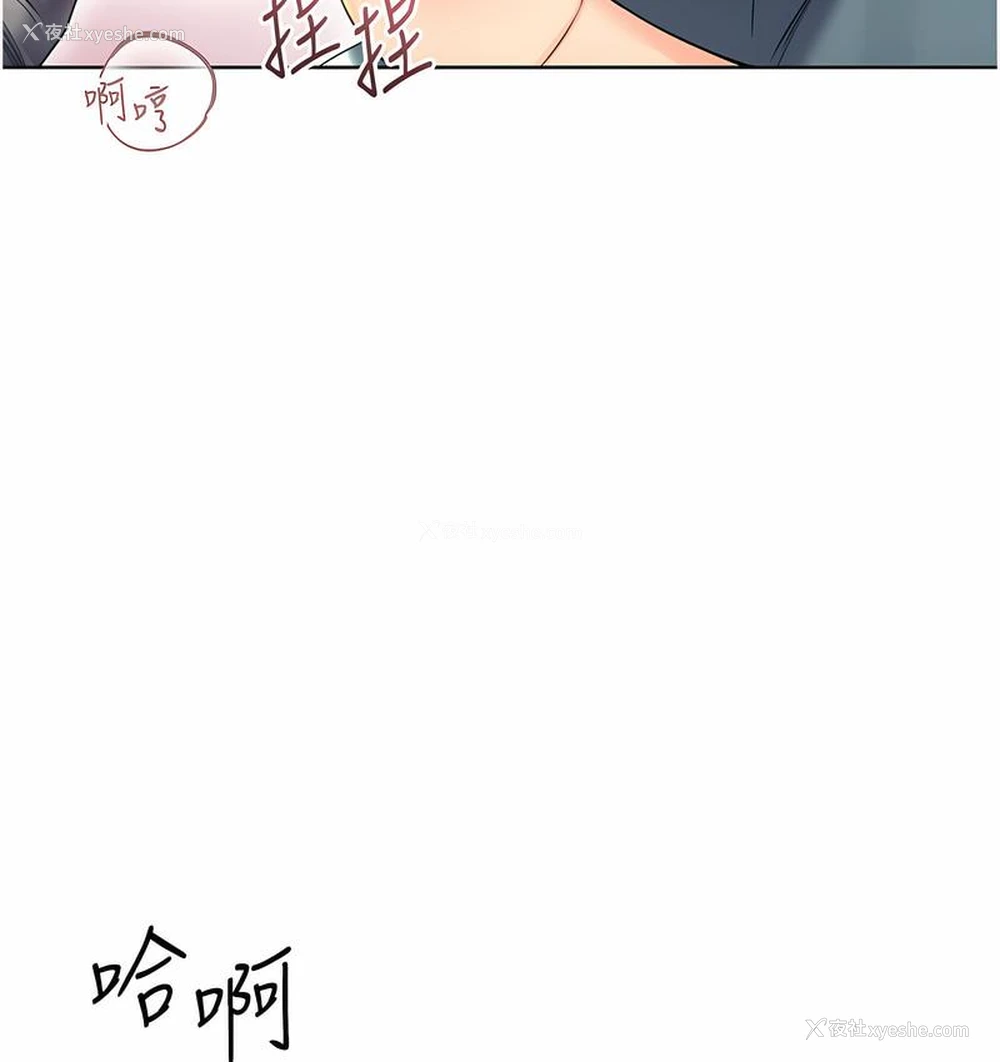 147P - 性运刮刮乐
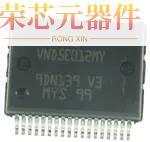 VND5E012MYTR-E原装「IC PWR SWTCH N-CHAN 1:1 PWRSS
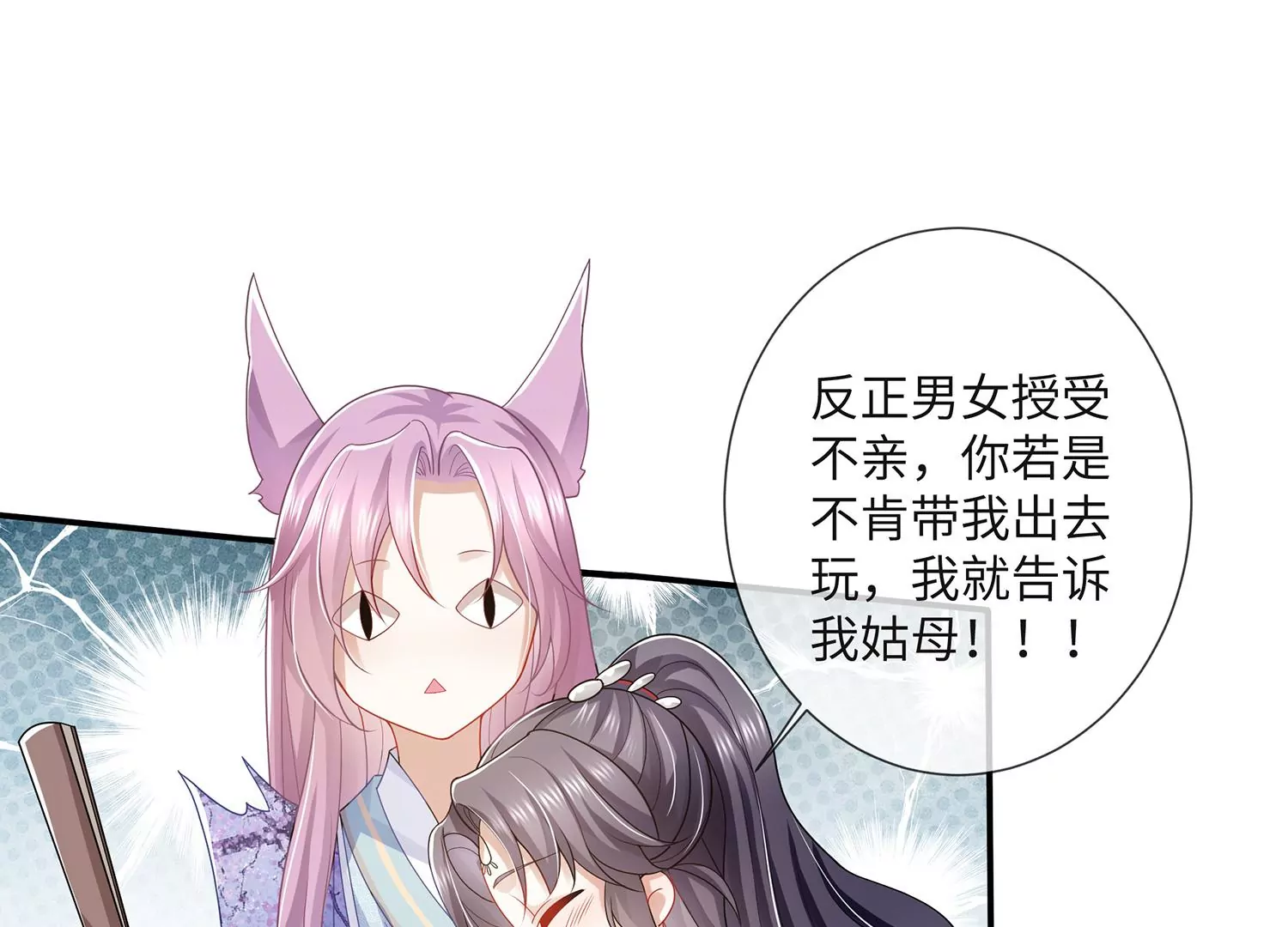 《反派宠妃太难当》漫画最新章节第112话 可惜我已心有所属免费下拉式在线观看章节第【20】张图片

##########

**Task instructions**: Your copy should match the listing exactly, apart from the pictures it leaves out.

**Answer space**:
 147P - 性运刮刮乐
 VND5E012MYTR-E原装「IC PWR SWTCH N-CHAN 1:1 PWRSS
 《反派宠妃太难当》漫画最新章节第112话 可惜我已心有所属免费下拉式在线观看章节第【20】张图片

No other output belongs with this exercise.